MOSCOW, January 14. /TASS/. The number of satellites in the Russian orbital constellation in 2025 will reach 70 instead of previously planned 95 spacecraft, according to the draft federal space program for 2016-2025 prepared by the Russian state space corporation, Roscosmos.

According to the document that is being prepared for the government’s approval, in 2025 the number of satellite in the Russian orbital constellation will reach not 95, as it had been planned with the budget of 2 trillion rubles, but 70 spacecraft given the new financing.

The number of launches of spacecraft under the new federal space program for 2016-2025, in view of the budget cuts, will decrease from 185 to 150.

According to previous reports, the financing of the federal space program until 2025 would amount to some 1.4 trillion rubles ($18.27 billion), and the draft program presented last spring provided for budget financing worth 2 trillion roubles ($26.11 billion).

On Monday, the Izvestia daily reported that Roscosmos intended to cut spending on servicing the ISS in 2016-2015 by almost 30 billion rubles.

Citing the final federal space program draft submitted to ministries the daily said that over the next decade Russia would allocate 252.1 billion rubles ($3.43 billion) for flight control, servicing the Russian segment of ISS and implementing a program of scientific experiments. Earlier FSP draft submitted in April last year envisaged spending 281.4 billion rubles ($3.82 billion) on the space program.
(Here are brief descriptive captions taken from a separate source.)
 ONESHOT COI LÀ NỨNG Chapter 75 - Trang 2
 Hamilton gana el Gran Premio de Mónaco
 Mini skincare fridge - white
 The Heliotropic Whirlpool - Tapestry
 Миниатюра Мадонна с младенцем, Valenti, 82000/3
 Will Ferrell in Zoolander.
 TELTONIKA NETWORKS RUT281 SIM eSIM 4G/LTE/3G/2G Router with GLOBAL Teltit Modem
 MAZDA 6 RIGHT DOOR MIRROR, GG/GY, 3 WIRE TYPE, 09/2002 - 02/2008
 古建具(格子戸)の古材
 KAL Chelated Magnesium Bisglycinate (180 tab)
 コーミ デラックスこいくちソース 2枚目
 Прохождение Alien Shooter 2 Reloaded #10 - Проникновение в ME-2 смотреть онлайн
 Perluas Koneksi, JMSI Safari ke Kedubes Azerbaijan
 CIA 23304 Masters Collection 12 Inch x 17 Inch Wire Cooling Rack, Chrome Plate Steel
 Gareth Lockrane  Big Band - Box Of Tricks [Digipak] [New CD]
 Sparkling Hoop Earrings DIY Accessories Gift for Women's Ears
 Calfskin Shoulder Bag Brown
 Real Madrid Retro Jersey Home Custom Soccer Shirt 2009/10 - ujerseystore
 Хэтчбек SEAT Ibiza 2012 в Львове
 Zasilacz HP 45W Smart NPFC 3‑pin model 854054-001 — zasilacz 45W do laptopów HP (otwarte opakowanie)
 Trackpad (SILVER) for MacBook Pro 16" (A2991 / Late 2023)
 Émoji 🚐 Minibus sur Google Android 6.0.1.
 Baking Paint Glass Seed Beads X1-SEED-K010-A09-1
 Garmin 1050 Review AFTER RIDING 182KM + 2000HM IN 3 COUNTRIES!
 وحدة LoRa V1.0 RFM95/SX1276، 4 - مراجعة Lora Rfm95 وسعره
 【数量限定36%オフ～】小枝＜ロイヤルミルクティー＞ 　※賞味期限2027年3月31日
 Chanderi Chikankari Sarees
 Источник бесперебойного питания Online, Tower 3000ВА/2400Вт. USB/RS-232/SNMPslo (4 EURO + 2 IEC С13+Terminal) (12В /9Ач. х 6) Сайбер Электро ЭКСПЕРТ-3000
The final draft was cut by almost a quarter to 1.521 trillion rubles ($21 billion) for the next 10 years.

Russia cancels plans for building two modules for new orbital station

The corporation has also lost some of the original ambitious projects, including creation of two autonomous modules (transformable and power generating ones, ordered by the Russian Academy of Sciences), meant for the creation of a Russian orbital station. The project is absent from the latest version of the program.

A transformable module was to be created in 2020-2025 and its launch was scheduled for 2025. Its service life was estimated at five years and design and manufacturing costs, 12.3 billion rubles.

The six-tonne power generating module, having a life cycle of ten years, was to be built in 2021-2025. Its design capacity was set at 18 kilowatts. The launch was scheduled for 2025. Project’s costs were expected at 13.7 billion rubles.

Earlier, the head of the Russian segment of the International Space Station, Vladimir Solovyov, said Russia had no plans for creating a national orbital station in high latitudes due to the radiation situation. Unmanned space vehicles can be used there instead.

Media say if Russia curtails its participation in the ISS project, it might create a national orbital station with an inclination of 62 degrees North (the ISS is in orbit with an inclination of 51.6 degrees). The ISS will stay operational till 2024.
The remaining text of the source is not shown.